Tutt’altro che dannosi, sostiene il rapporto, i flussi migratori entrati in Europa si sono rivelati anche utili per accrescere il potenziale produttivo dei paesi ospitanti e per fornire nuovi know-how.
Tema rilanciato anche da Malmström che ha ribadito la necessità di “indirizzare le politiche comunitarie sulla base di fatti e dati comprovati, non su impressioni e miti”.
Messaggio non da poco, tanto più ora che le cancellerie sud-europee si arrovellano al pensiero di un Mediterraneo “invaso” dai richiedenti asilo. Falso mito anche questo.

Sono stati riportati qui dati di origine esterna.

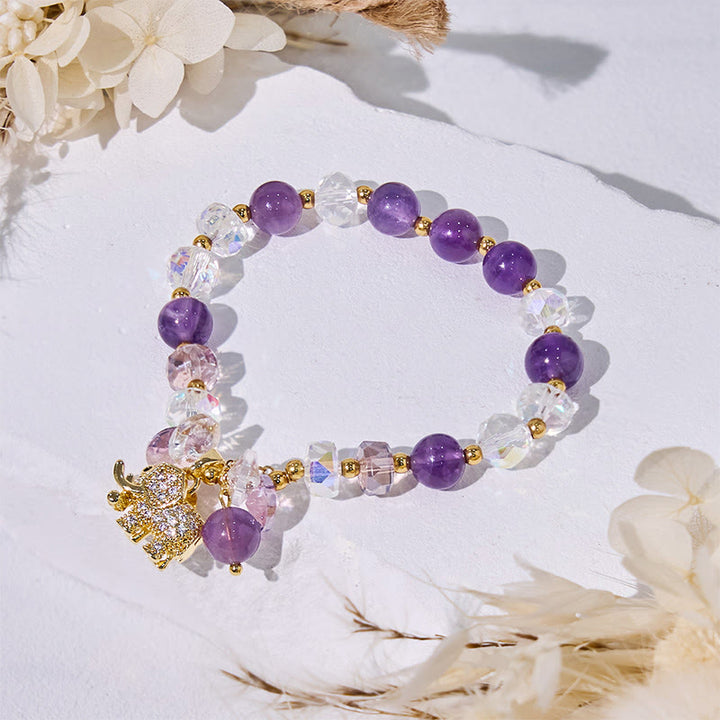 Olivenorma Amethyst Clear Glass Beads Elephant Pendant Bracelet - image 3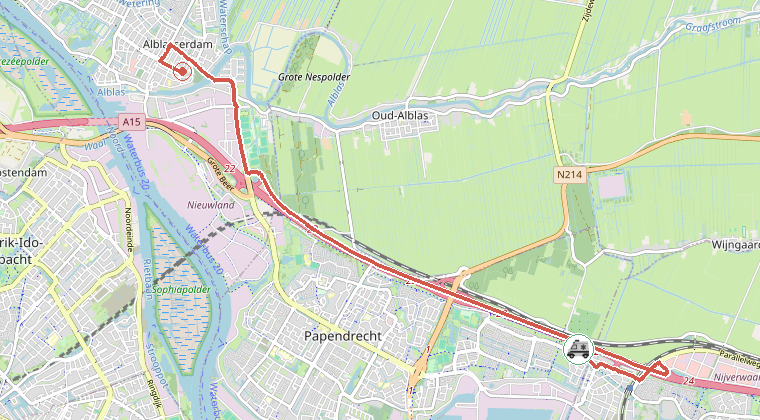 Kaart van de omgeving van de melding, met de kazerne die is gealarmeerd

Visto che la stragrande maggioranza dei richiedenti asilo non ottiene protezione in Italia, Grecia, Spagna o Malta, ma nei paesi che confinano con le aree di crisi da cui sono fuggiti o, e in misura nettamente minore, in quelli nord-europei.
Nel solo 2013, sono stati 3.3 milioni i rifugiati e richiedenti asilo accolti in Africa a fronte dei 135.700 che hanno ottenuto protezione in Ue.
Integrazione dell’immigrazione
Dati utili sia a ridimensionare i toni epici con cui si tende a descrivere l’impegno europeo in materia di immigrazione e asilo, sia a inquadrare la vera emergenza che l’Europa sta fronteggiando: la debolezza della propria politica migratoria esterna.
Questione richiamata recentemente su La Stampa da Giovanna Zincone che ha osservato come tutte le strategie che puntano a contenere i flussi, a salvare vite umane, a proteggere i rifugiati vadano tessute con un paziente lavoro di relazioni internazionali sia all’interno dell’Ue, che dall’Unione verso i paesi di emigrazione colpiti da conflitti.
I 75.000 rifugiati e migranti arrivati via mare in Italia, Grecia, Spagna e Malta nel primo semestre del 2014 (pari al 25 per cento in più rispetto ai 60.000 che hanno compiuto lo stesso percorso nel 2013 e oltre tre volte i 22.500 arrivati nel 2012) indicano inequivocabilmente che qualcosa nella politica estera dell’Unione non è andato per il verso giusto.
Migranti risorse per la crisi
Se il Global Approach for Mobility and Migration e i Partenariati per la Mobilità con i Paesi Terzi, fino a tre anni fa sembravano una soluzione, oggi quella strategia deve fare i conti sia con le transizioni istituzionali che scuotono molti dei paesi di emigrazione che con le schermaglie tra gli stati membri divisi sul ruolo da giocare in quelle regioni e sempre più inclini ad affrontare quanto va accadendo a sud del Mediterraneo con misure securitarie.
Una tendenza che Fargues ascrive alla crisi economica che ha esacerbato le tensioni economiche e sociali e ha portato alla ricerca di capri espiatori anche nel dibattito politico.
Se prevale l’idea che l’immigrazione è più una minaccia che un beneficio, c’è il rischio che gli Stati europei rinuncino ai suoi benefici. Così si rischia di mettere a repentaglio la ripresa dell’Europa dalla crisi e in ultima analisi, il suo protagonismo globale.
Tuttavia, se lo spostamento del consenso porterà le società europee a vedere l’immigrazione come una forza dinamica e positiva, immigrazione e migranti potranno aiutarci a prepararci meglio alle sfide future”.